TASK TO COMPLETE: Every picture is to be removed, and all the data is to be copied exactly.

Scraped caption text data
- Opening Delimiter -
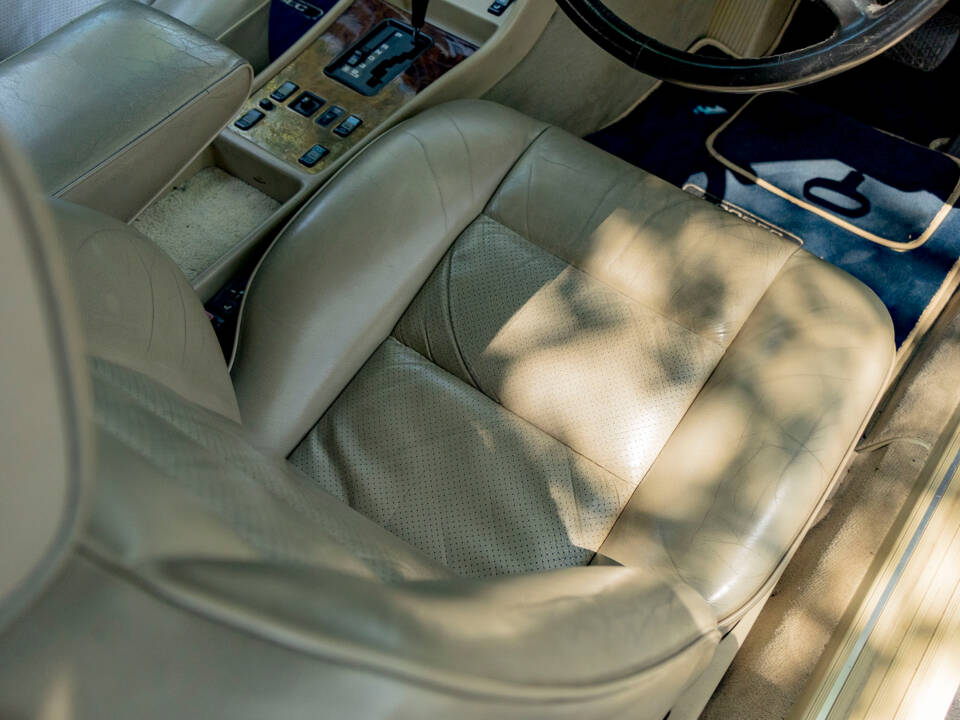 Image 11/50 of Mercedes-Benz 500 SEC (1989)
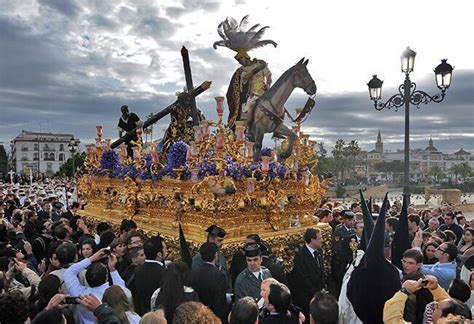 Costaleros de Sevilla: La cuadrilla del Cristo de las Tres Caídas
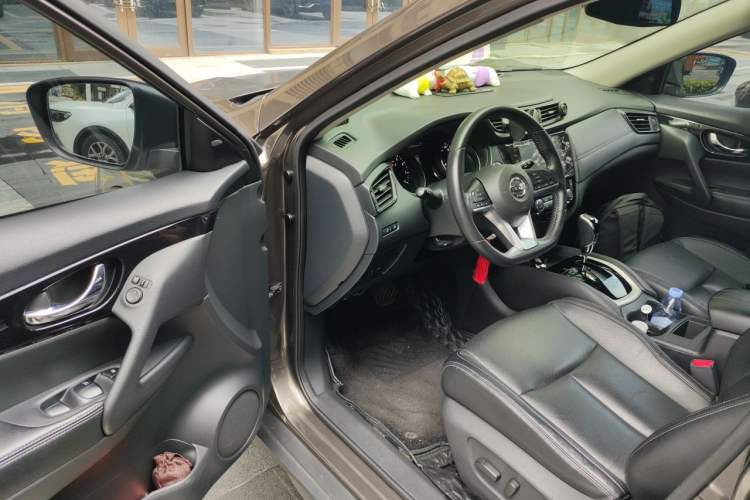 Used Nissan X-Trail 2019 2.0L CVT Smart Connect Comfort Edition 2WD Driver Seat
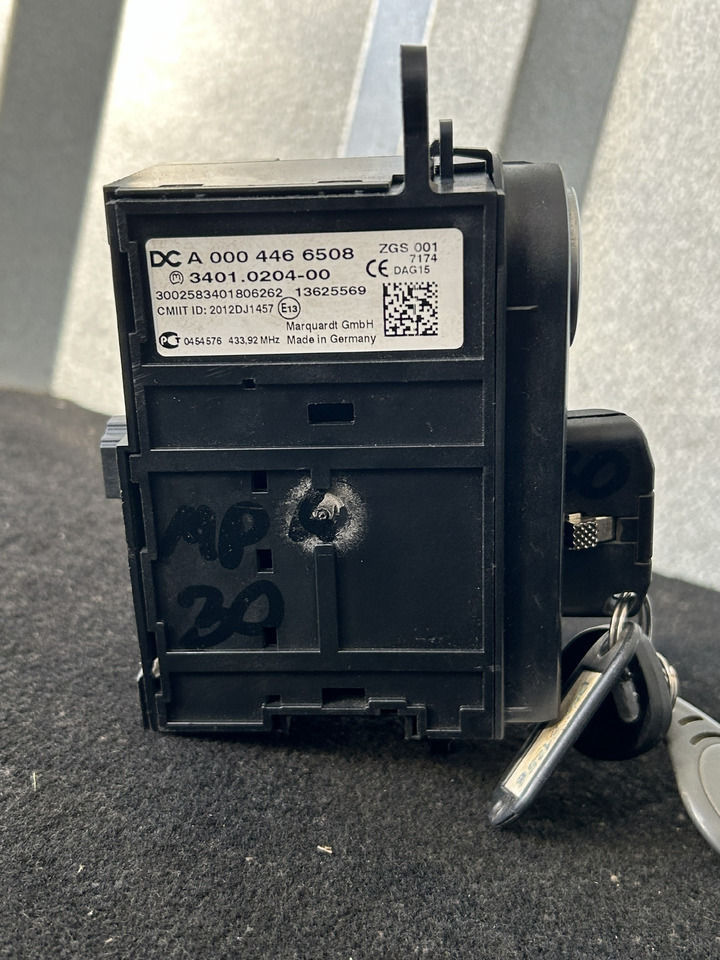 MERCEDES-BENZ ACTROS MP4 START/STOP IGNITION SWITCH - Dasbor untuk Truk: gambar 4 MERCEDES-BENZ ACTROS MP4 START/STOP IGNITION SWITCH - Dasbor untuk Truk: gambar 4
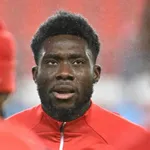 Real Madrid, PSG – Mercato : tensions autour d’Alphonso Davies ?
- Closing Delimiter -
TASK SOLUTION:
 Image 11/50 of Mercedes-Benz 500 SEC (1989)
 Costaleros de Sevilla: La cuadrilla del Cristo de las Tres Caídas
 Used Nissan X-Trail 2019 2.0L CVT Smart Connect Comfort Edition 2WD Driver Seat
 MERCEDES-BENZ ACTROS MP4 START/STOP IGNITION SWITCH - Dasbor untuk Truk: gambar 4 MERCEDES-BENZ ACTROS MP4 START/STOP IGNITION SWITCH - Dasbor untuk Truk: gambar 4
 Real Madrid, PSG – Mercato : tensions autour d’Alphonso Davies ?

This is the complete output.